Fifth of Syrian asylum requests rejected over radical ideals: report
Around a fifth of the Syrian asylum seekers who are proposed for asylum in the Netherlands through the so-called Turkey-deal, are rejected because of extremist sympathies or because their ideals are not in line with Dutch values, Paul van Musscher, national portfolio holder for foreign affairs and migration crime at the police, said to the Volkskrant.
The Turkey deal, implemented in March 2016, states that Turkey will take back all asylum seekers and migrants that arrive in Greece illegally in exchange for billions of euros in emergency funds from the European Union. For every asylum seeker returned to Turkey, the EU promised to take in another asylum seeker from Turkey. Last year about 2,100 Syrians arrived in the Netherlands from Turkey. In the first seven months of this year, there were 288, according to the newspaper.

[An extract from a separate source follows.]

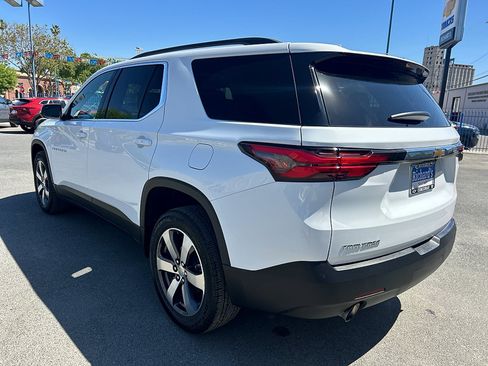 Used 2023 Chevrolet Traverse LT w/ LT Premium Package FWD image 5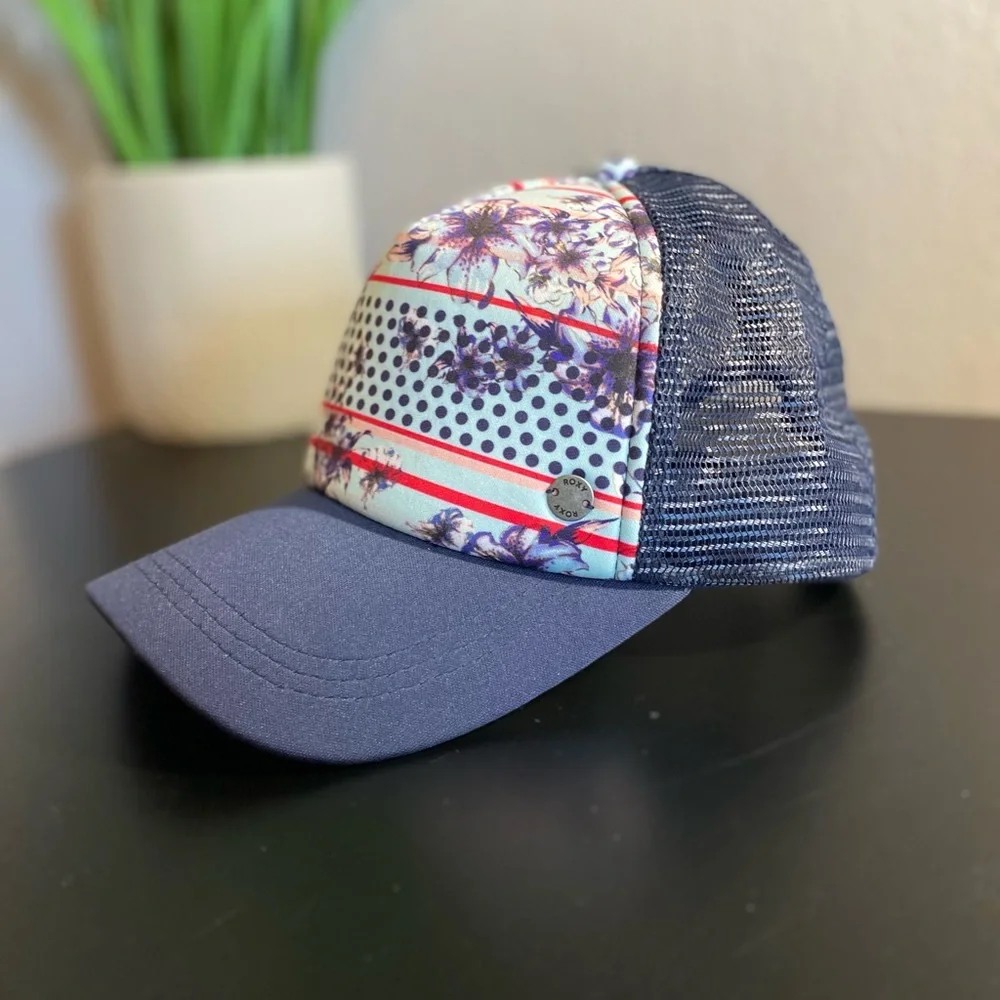 Womens Roxy hat - Picture 2 of 2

The United Nations refugee organization UNHCR nominates Syrian asylum seekers who are eligible for resettlement in Europe. The police then check whether these asylum seekers could pose a threat to public order, and immigration service IND checks whether they were involved in war crimes or could pose a threat to national security. Refugee organization COA then has an interview with the asylum seekers, discussing life in the Netherlands and their possibilities for integration.
"If they say: my children will not go into mixed classes at all costs or do not swim together, then a line is drawn through their file and they do not enter the Netherlands", Van Musscher said to the Volkskrant. The Ministry of Justice an Security added that asylum seekers sometimes withdraw their own requests after Dutch standards and values were explained to them.